This is all coming from a "semi-professional" photographer. I don't use a Mac Pro, I don't use a MacBook Pro, but amazingly I still do my jobs! An iMac would be great for you, especially because you don't have to buy an extra screen.


----------



## powermac (Aug 1, 2007)

If you plan to expand the Mac Pro, then of course that form factor makes sense. The general feeling is, your more than likely add additional hard-drive space (external), which you can do easily on the iMac. 
Fryke's and Qion's advice makes sense, just be diligent about archiving and backing up.


----------



## mindbend (Aug 1, 2007)

Whatever you do, wait until next week:

http://www.macworld.com/news/2007/07/31/presentation/index.php


----------



## Qion (Aug 1, 2007)

mindbend said:


> Whatever you do, wait until next week:
> 
> http://www.macworld.com/news/2007/07/31/presentation/index.php



Yes!


----------



## rubaiyat (Aug 1, 2007)

I highly recommend you get the iMac 24" and max out the RAM.

The speed is excellent for what you need and you would use external HardDrives anyway, at least one just for backup/mirroring. You can fit a 2nd monitor if required as a pallette monitor which is always a good idea but not absolutely necessary for the 24".

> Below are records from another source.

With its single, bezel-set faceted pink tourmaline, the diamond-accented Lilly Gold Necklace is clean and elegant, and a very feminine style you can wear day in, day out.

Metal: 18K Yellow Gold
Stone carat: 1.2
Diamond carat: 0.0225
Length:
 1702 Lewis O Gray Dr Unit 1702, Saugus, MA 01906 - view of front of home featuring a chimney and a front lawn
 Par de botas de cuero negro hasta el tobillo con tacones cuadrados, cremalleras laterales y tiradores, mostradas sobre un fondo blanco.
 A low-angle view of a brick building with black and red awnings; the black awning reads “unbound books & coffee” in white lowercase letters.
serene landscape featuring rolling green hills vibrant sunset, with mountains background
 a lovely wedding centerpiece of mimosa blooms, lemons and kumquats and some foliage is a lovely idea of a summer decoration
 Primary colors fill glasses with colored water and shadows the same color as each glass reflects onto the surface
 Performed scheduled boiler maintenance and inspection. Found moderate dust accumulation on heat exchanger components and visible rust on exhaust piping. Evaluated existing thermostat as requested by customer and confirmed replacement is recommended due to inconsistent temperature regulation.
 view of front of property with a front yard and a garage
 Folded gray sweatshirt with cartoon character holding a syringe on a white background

Principally you want the 24"s much larger and brighter screen which is glass so you can wipe it down. The smaller screens have a soft plastic finish which is very hard to clean which is a bummer when you need to do editing.

The only downside with the 24" and other iMacs at the moment is the limited number of ports and their awkward placement on the back. However we shall probably see new models next week and these may have been addressed.

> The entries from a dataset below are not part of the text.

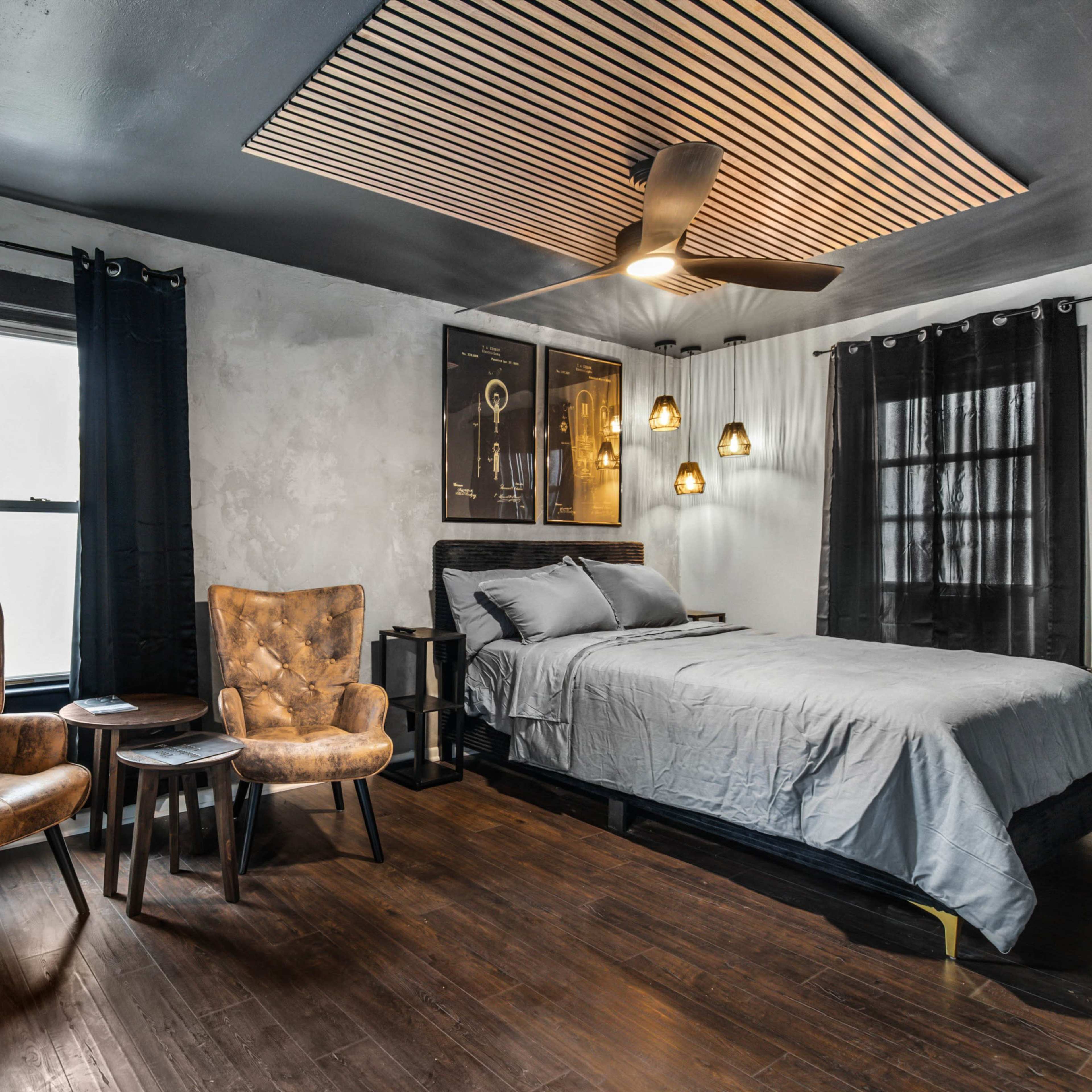 A bedroom featuring a bed, two armchairs, and a wooden ceiling design, with dark curtains and a wooden floor.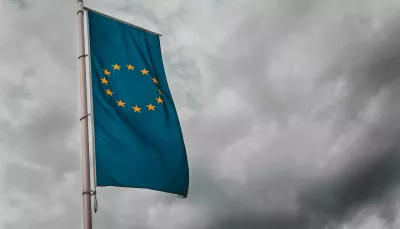 la bandiera dell'unione europea, stendardo gagliardo, si staglia contro lo scuro e temporalesco grigio cielo, forse di Brussele, Belgio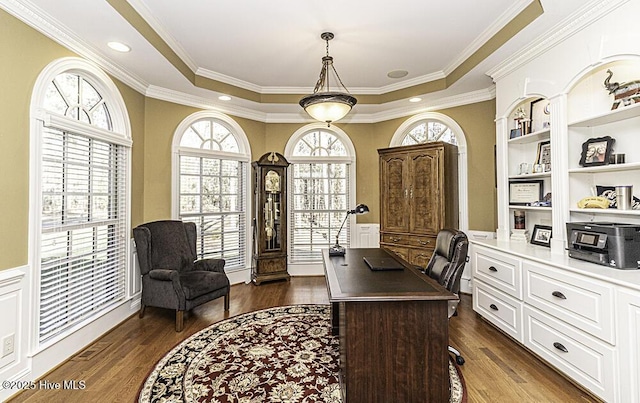 office featuring dark wood-type flooring, a tray ceiling, and ornamental molding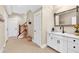 Neutral hallway with access to staircase, and includes decorative vanity and storage at 52 Waterside Se Dr, Cartersville, GA 30121
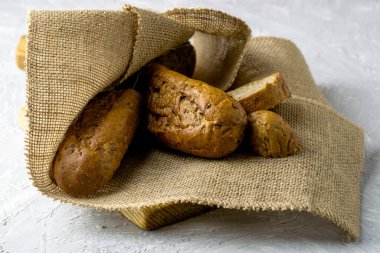 Çuval bezi üzerinde iki taze çavdar ekmeği. Çöreklerden biri bıçağın yanında kesilmiş. Yüksek kalite fotoğraf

Either way I wouldn't act till all 3 factors are in place:

1. Leopard comes with your Mac

2. iLife and iWorks have been upgraded - even as a professional photographer these are very useful

3. The new models are out for a while and you get a chance to see how well they stack up.

You should be able to also get the iMac from regular Apple resellers. 

Here in Australia they are freely available from department stores and lots of electronics resellers. All are doing some kind of finance deals, usually GE Money, which are mostly sucker deals. "Interest Free" but charging a monthly fee which turns out to be the same thing as being charged commercial interest.

The Department stores however have their own finance cards and at least a couple have incentives attached ie a discount on initial purchases and also 12 month real interest free with payment at the end of the 12 months. My son has invested his money and when the 12 months is due he should have got an effective 7-8% discount on top of what he will negotiate when he buys the iMac.

I cannot recommend the iMac highly enough it truely is a professional machine for anyone who doesn't need the absolute max grunt of a MacPro which in IMHO needs a redesign and sharp price adjustment before I'd even remotely be interested.


----------